# Hymer Stoneguard treatment on ebay.



## StanDup (Sep 12, 2008)

We've just had the annual damp inspection on our Hymer and they sprayed key areas under the van with Hymer Stoneguard spray.

I see that HymerUK are currently selling the spray on Ebay at £3.99 plus £3 delivery. Might be useful for anyone with a Hymer outside the 6 years water ingression warranty period.

Barry


----------



## coppo (May 27, 2009)

Looks a good price but is it just normal underbody seal or some exclusive to Hymer stuff?

Paul.


----------



## Bill_H (Feb 18, 2011)

It's £3 delivery no matter how many you buy, I've just ordered 5, total inc delivery £22.96


----------



## StanDup (Sep 12, 2008)

> is it just normal underbody seal or some exclusive to Hymer stuff?

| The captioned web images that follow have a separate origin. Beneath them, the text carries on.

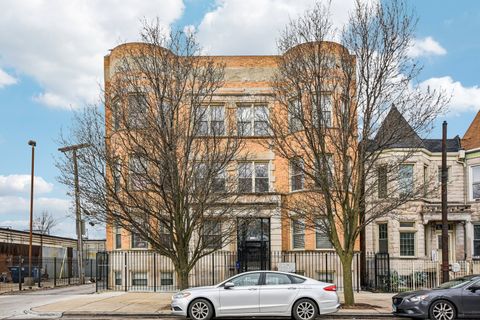 Photo of 4644 S Prairie Avenue #2N, Chicago, IL 60653 (MLS # 12567475)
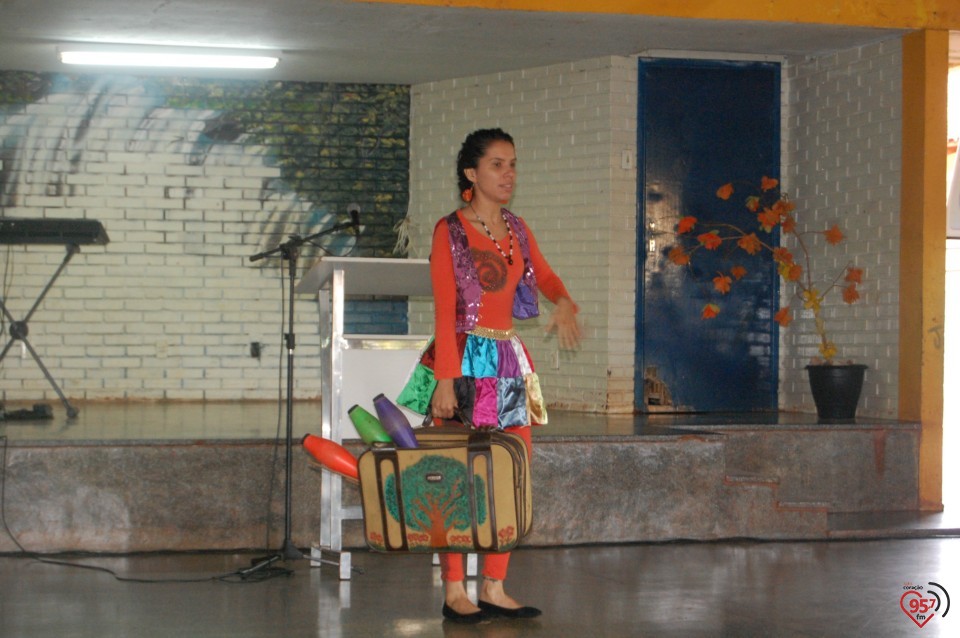 Escola de Dourados realiza plantio de árvore, para celebrar dia mundial da água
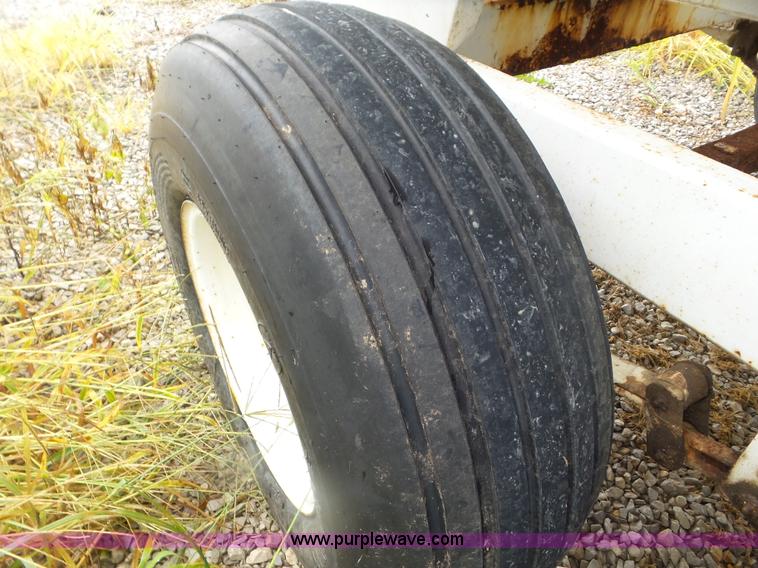 image for item CC9983 2005 Willmar 500 spreader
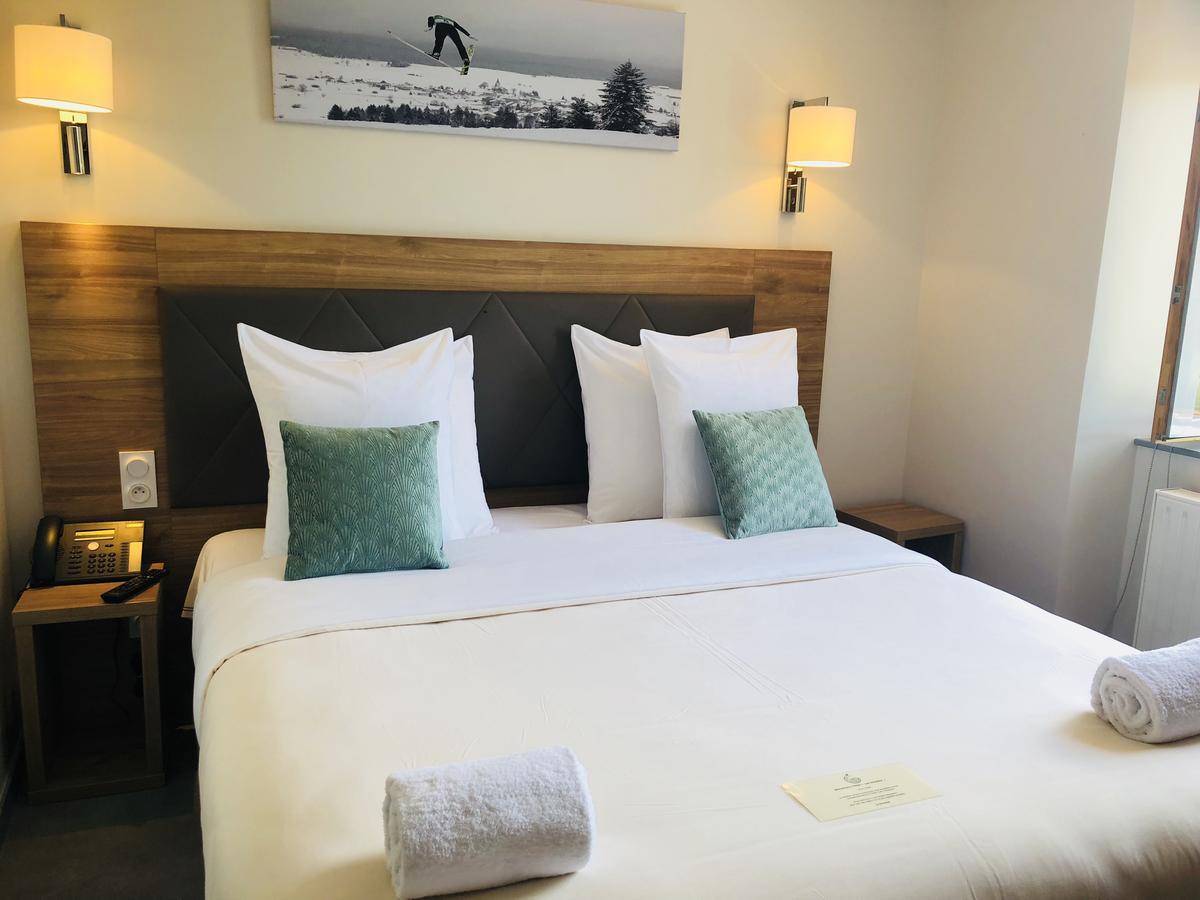 Hotel Les Tremplins La Chaux Neuve Esterno foto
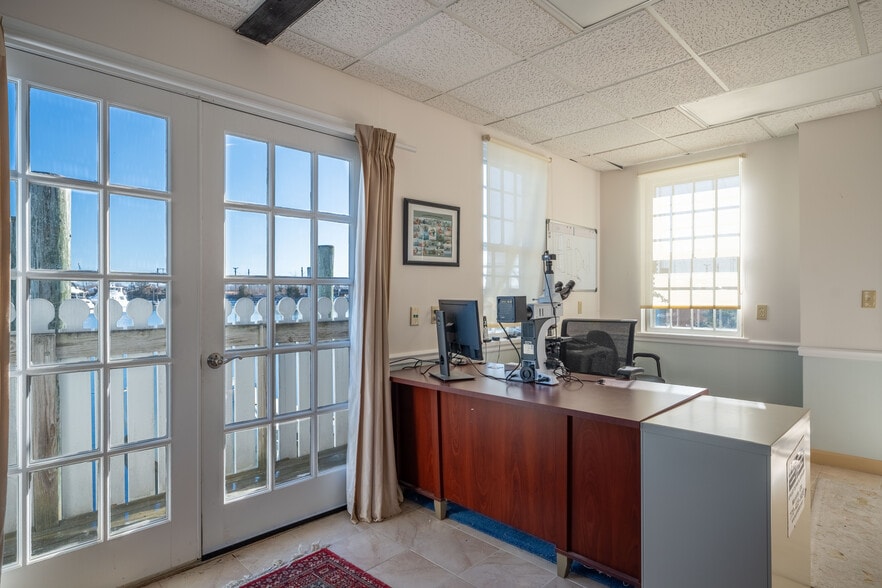 More Photos Of 47 Water St, Mystic Marina For Sale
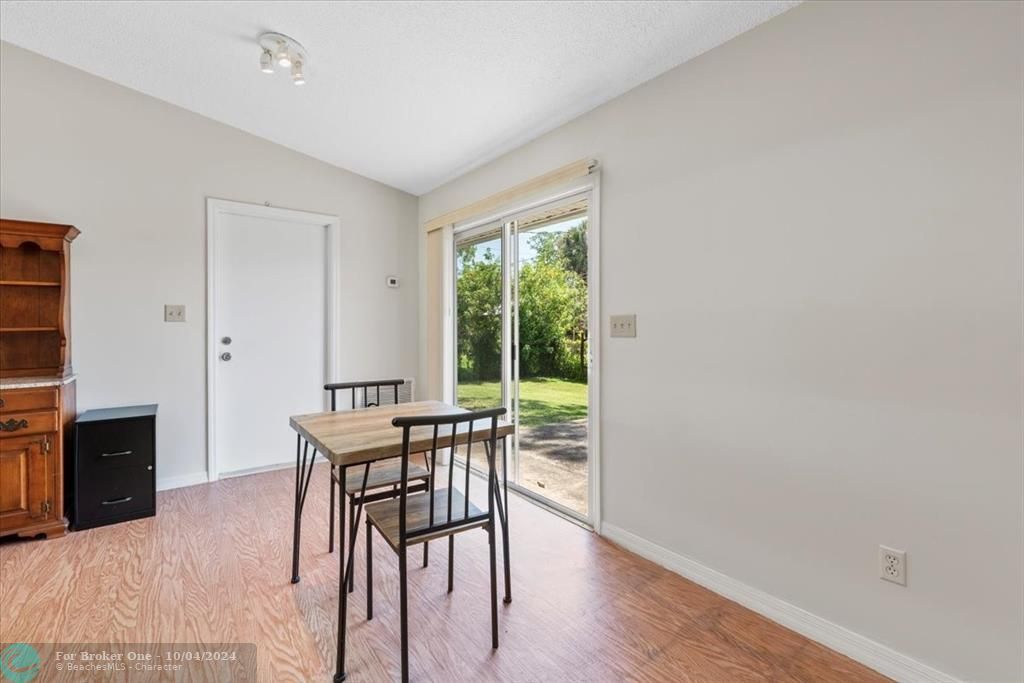 Recently Sold: $239,000 (2 beds, 2 baths, 1000 Square Feet)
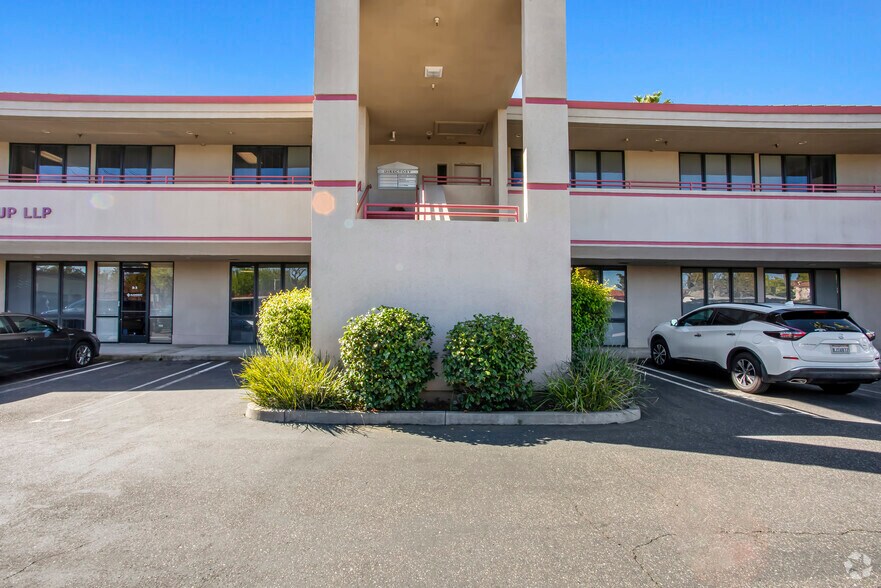 More Photos Of 3509 Coffee Rd, Modesto Office For Lease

It's in a Hymer can. Click on the ebay link.

Best wishes.

Barry


----------



## coppo (May 27, 2009)

StanDup said:


> > is it just normal underbody seal or some exclusive to Hymer stuff?
> 
> 
> It's in a Hymer can. Click on the ebay link.
> ...


Yes I realise its in an Hymer can I just wondered whats actually in it, is it just bog standard stone guard?

Paul.


----------